We also visited the infamous fire-breathing statue of Smok of Wawel - a gaudy statue of the dragon that, legend has it, ate a sheep full of sulphur and drank half the Wisla River to put out the fire.
The statue itself will breathe fire for you… IF you send
the statue an SMS. Naturally.
Once we were all Churched out for the day, we relegated ourselves to Kasia’s apartment and I had a bit of a nana nap. We then decided we were going to go out for the evening to the hostel and a few nightclubs, so we rugged up and bailed out, first going to the hostel and meeting Kasia’s mate, Dave. It just goes to show that even in Poland you can find someone who has an Aussie mate called Dave. Dave is one of those people that doesn’t look at all like he could be a party starter or a Don Juan, but in country away from home he has established himself as both. Dave is from Perth, is 22, has a bad moustache, and his girlfriend Ania (a little Polish stunner, studying Law at University) was having her birthday party at the hostel where Dave also works as “Party Manager”.

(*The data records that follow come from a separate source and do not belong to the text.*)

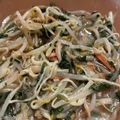 ロン子's cooksnap of when they made レンジで簡単！無限もやし☾.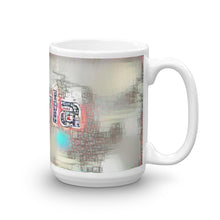 Load image into Gallery viewer, Layla Mug Ink City Dream 15oz left view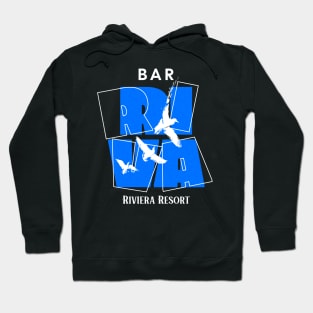 Bar Riva at Riviera Resort at Coronado Springs Orlando Florida Hoodie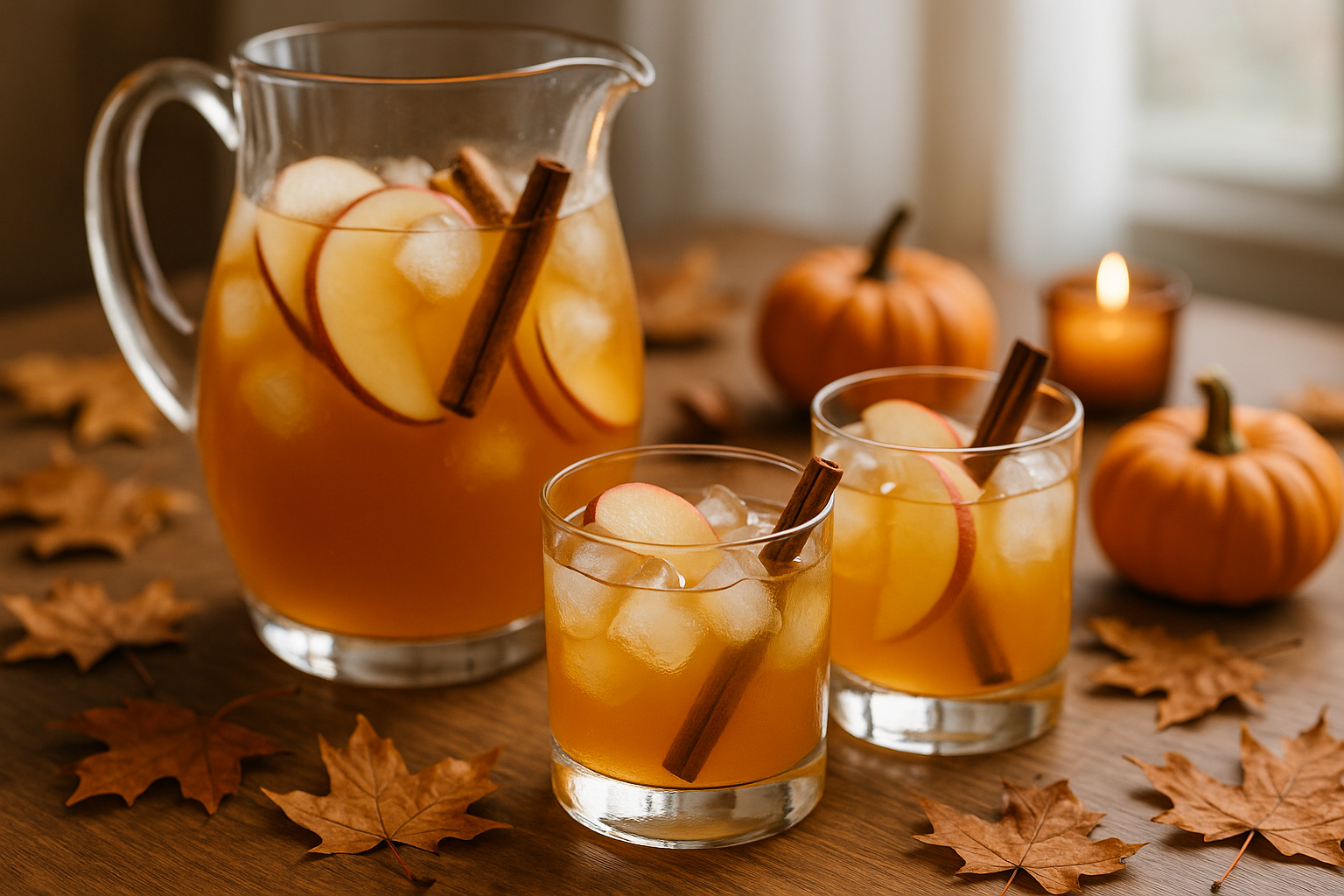 Harvest Moon Cider Punch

Interesting affair, that Tutti Frutti; there was all sorts of characters there as you usually find at the #1 Party Hostel in Krakow. Plenty of visa-ignoring Aussies, Poms, Kiwis, some Polish girls wearing bugger all clothes for the temperature outside. They all
sang “Sto Lat” (like Polish Happy Birthday) to Ania. My God, the sound of backpackers singing that song will haunt me forever. After the Party Manager FINALLY got his shit together, we went to Ministry Nightclub, complete with furry walls and Communist paint scheme. We met an interesting lad called Clint, from Flaw-Rida, who told us about the interesting points of capsizing a vessel while solo in bad weather, and teaching Steve Vai’s kid to play guitar. It was quite nice to meet an American that was almost as cool as Sean. After that conversation, we were also going to go onto Frantic (an all-white nightclub), but it was decided that it was crash time at 1am. Piffle.
Next day it was go-time again after an 11am start, and we rolled back into town to make a fleeting visit of Sukiennice (Cloth Hall) in Krakow’s Main Square, which was closed the day before. Here was a slew of little stalls where the locals flogged their wares, from carved chess sets and hand-made medieval weapons to furs and cheeses. It was just amazing what was there, I really enjoyed the look through. But no time was to be wasted, because
we had to get to Zakopane. So off to the bus station we bolted, and that was the end of Krakow, for the moment anyway.
In the next installment, I’ll cover the happenings of Zako, the encounters with the Gorale (the Mountain Folk of the ranges), and dirty, dirty smoked string-cheese.